Problem to work on: Using the listing below, set down each line from the line containing "продам Volkswagen Passat" through the line containing "Nissan 350Z, 2002", both ends included, exactly and with nothing added.

Exercise input:
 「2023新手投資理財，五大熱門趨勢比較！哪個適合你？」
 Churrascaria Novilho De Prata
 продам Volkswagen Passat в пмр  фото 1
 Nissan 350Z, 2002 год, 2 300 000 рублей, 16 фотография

...

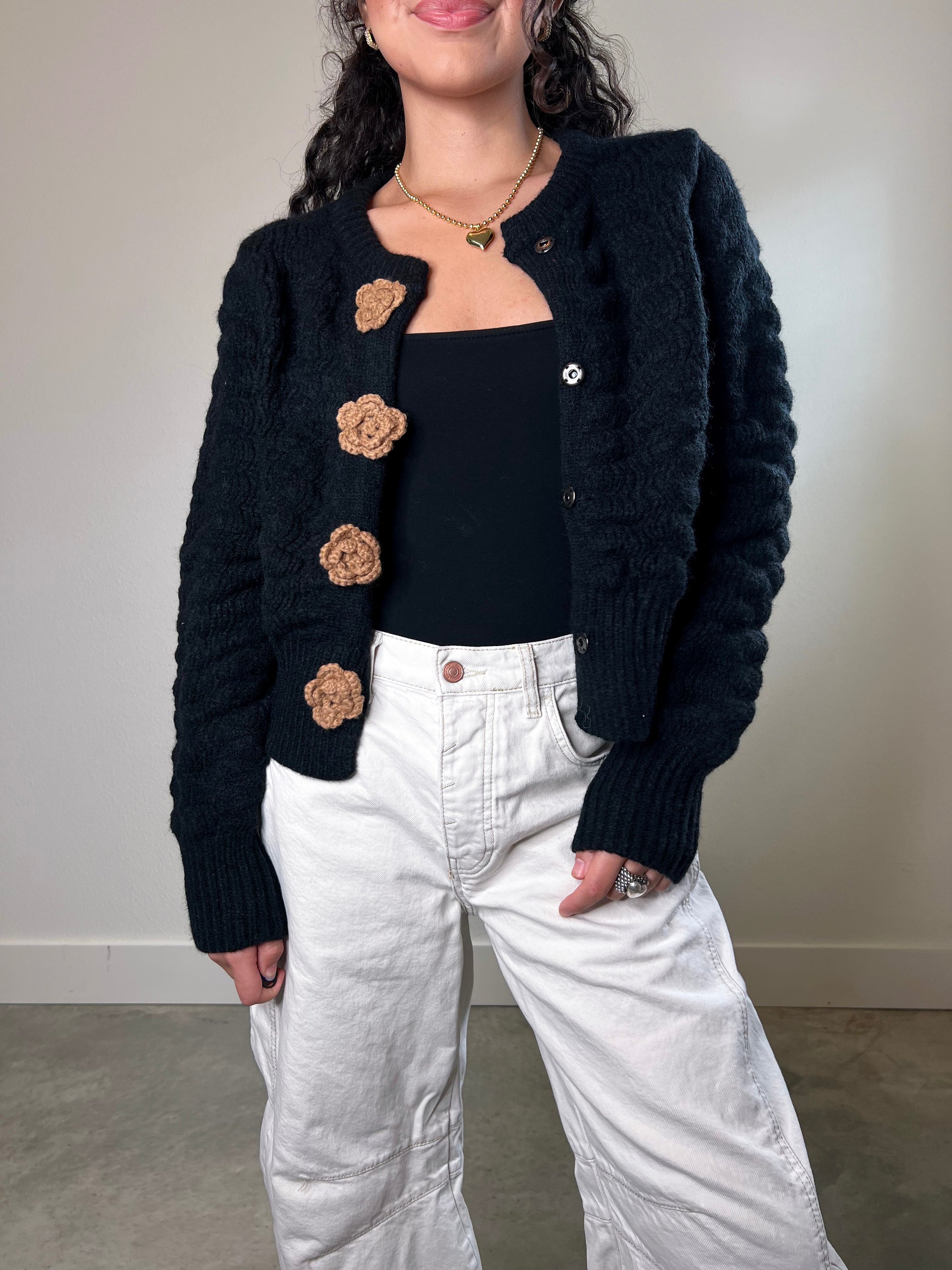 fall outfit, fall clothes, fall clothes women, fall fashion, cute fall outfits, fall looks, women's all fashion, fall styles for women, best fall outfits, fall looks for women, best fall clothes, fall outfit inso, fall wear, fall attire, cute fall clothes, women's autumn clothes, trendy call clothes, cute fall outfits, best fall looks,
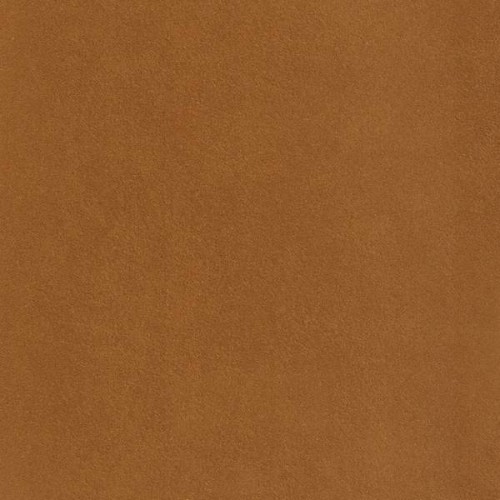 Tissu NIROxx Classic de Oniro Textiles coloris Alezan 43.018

Completed exercise:
 продам Volkswagen Passat в пмр  фото 1
 Nissan 350Z, 2002 год, 2 300 000 рублей, 16 фотография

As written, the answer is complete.